At the very least, this will make me more thoughtful when wording my next question!

Naughty Andy Peregrine, creator of Pie Shop,couldn’t make his mind up and gave me four RPGs Amber, Nobilis, Maelstrom, and James Bond. Rather than choose between them (which puppy not to kill?) I’ve left them all here. After all, bytes are cheap.

“While just about every game tries to tell you it is ‘a totally new rpg experience’ Amber (1991 – Phage Press) actually is. It does itself an injustice by calling itself diceless, as it doesn’t just remove dice but uses a rules system that relies purely on storytelling. In one sense this is what all rpgs should aspire to be, although the system is hard to apply to just anything. With Amber characters being ‘lesser Gods’ they can get away with more than your average pc. This game is hard to get used to as you must ‘unlearn’ many rpg habits, but the experience is more than worth it.”
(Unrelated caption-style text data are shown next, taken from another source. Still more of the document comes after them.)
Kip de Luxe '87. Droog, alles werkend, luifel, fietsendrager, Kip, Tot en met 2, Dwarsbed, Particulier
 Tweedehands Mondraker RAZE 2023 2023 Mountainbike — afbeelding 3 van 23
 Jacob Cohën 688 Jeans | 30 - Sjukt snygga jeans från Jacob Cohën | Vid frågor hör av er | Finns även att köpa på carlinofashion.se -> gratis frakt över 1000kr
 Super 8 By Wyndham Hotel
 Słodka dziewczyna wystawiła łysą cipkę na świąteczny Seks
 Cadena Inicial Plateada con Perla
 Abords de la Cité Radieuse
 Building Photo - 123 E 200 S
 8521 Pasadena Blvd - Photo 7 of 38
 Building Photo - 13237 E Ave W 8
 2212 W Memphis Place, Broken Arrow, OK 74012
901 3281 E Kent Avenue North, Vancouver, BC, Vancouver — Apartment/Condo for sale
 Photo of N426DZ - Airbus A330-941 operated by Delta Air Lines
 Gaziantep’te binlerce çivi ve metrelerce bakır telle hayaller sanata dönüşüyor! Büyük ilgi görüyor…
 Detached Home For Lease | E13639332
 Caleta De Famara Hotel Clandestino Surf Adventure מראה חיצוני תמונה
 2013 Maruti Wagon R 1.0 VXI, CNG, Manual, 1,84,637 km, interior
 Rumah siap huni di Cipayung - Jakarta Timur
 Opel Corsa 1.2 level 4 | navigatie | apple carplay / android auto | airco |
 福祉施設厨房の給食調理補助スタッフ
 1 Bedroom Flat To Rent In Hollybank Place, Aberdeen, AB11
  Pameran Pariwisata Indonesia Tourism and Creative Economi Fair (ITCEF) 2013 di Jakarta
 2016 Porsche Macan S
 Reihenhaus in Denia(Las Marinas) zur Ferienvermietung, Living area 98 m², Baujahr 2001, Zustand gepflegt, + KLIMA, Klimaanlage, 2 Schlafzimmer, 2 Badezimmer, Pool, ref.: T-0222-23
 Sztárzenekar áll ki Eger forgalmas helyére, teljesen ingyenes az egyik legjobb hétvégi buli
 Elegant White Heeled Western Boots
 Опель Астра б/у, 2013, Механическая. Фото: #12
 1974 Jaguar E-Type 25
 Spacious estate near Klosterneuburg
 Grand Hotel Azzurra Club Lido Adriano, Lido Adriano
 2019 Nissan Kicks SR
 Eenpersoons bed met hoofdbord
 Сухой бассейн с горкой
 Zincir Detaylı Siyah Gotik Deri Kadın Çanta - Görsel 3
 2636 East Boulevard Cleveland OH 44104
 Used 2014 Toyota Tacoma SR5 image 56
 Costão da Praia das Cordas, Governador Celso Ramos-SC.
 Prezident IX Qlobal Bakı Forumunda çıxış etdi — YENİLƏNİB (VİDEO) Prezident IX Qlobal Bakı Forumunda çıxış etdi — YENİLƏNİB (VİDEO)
“Maelstrom (1984 – Puffin books) is the cheapest RPG ever written [hmm – this excludes a number of free games, and a number that can’t be given away]. Alexander Scott gave us a detailed 16th century historical rpg, with a magic system well ahead of its time for just £1.95! Everything about this game is simple and very clever. For instance, you note your wounds separately, and they heal separately, one point a day. So if you take 8/8 damage for a total of 16, and someone else takes 2/2/2/2/4/4 for the same damage the second guy is up in 2 days with 2/2 wounds and the first is still in bed nursing 6/6. Simple and brilliant. The magic system is basically the same as Mage, but written 9 nine years beforehand. On top of all that you get some excellent detail on the 16th Century as well as a solo adventure and an introductory adventure. Most companies have trouble getting that much into two rulebooks these days.”

“James Bond 007 (1983 – Victory Games) is of the earliest licensed products, and such a big license too. The system captured the flavour of Bond very well but sadly the license didn’t allow the company to use Blofeld and SPECTRE. The system is simple and inventive. You have a skill chance from 1-20 and it is multiplied by the difficulty (10 being easy and 1 being hard) to give a percentage chance for success. As long as you know your times tables this is a doddle (and it is printed on the character sheet just in case you don’t). The adventure supplements were based on all the movies. However they cleverly changed the details so you got into all the same situations Bond did, but if you assume you know the plan because you’ve seen the movie you will go way off track.”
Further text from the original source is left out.